# Networks Library

For convenience, we provide a library of standard networks implementing the neural network interface.

These networks are contained in the `AlphaZero.NetLib`

module, which is resolved to either `AlphaZero.KnetLib`

or `AlphaZero.FluxLib`

during precompilation depending on the value of the `ALPHAZERO_DEFAULT_DL_FRAMEWORK`

environment variable (Knet is recommended and used by default).

## Convolutional ResNet

`AlphaZero.FluxLib.ResNet`

— Type`ResNet <: TwoHeadNetwork`

The convolutional residual network architecture that is used in the original AlphaGo Zero paper.

`AlphaZero.FluxLib.ResNetHP`

— Type`ResNetHP`

Hyperparameters for the convolutional resnet architecture.

Parameter | Type | Default |
---|---|---|

`num_blocks` | `Int` | - |

`num_filters` | `Int` | - |

`conv_kernel_size` | `Tuple{Int, Int}` | - |

`num_policy_head_filters` | `Int` | `2` |

`num_value_head_filters` | `Int` | `1` |

`batch_norm_momentum` | `Float32` | `0.6f0` |

The trunk of the two-head network consists of `num_blocks`

consecutive blocks. Each block features two convolutional layers with `num_filters`

filters and with kernel size `conv_kernel_size`

. Note that both kernel dimensions must be odd.

During training, the network is evaluated in training mode on the whole dataset to compute the loss before it is switched to test model, using big batches. Therefore, it makes sense to use a high batch norm momentum (put a lot of weight on the latest measurement).

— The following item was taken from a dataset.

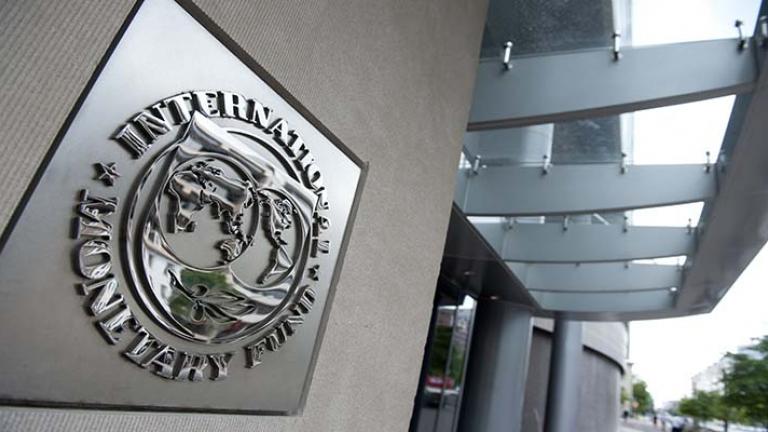 Ο λόγος που το ΔΝΤ επιμένει κάθε τόσο και λιγάκι στην περαιτέρω μείωση του αφορολογήτου στα 5.000 ευρώ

**AlphaGo Zero Parameters**

The network in the original paper from Deepmind features 20 blocks with 256 filters per convolutional layer.

## Simple Network

`AlphaZero.FluxLib.SimpleNet`

— Type`SimpleNet <: TwoHeadNetwork`

A simple two-headed architecture with only dense layers.

`AlphaZero.FluxLib.SimpleNetHP`

— Type`SimpleNetHP`

Hyperparameters for the simplenet architecture.

Parameter | Description |
---|---|

`width :: Int` | Number of neurons on each dense layer |

`depth_common :: Int` | Number of dense layers in the trunk |

`depth_phead = 1` | Number of hidden layers in the actions head |

`depth_vhead = 1` | Number of hidden layers in the value head |

`use_batch_norm = false` | Use batch normalization between each layer |

`batch_norm_momentum = 0.6f0` | Momentum of batch norm statistics updates |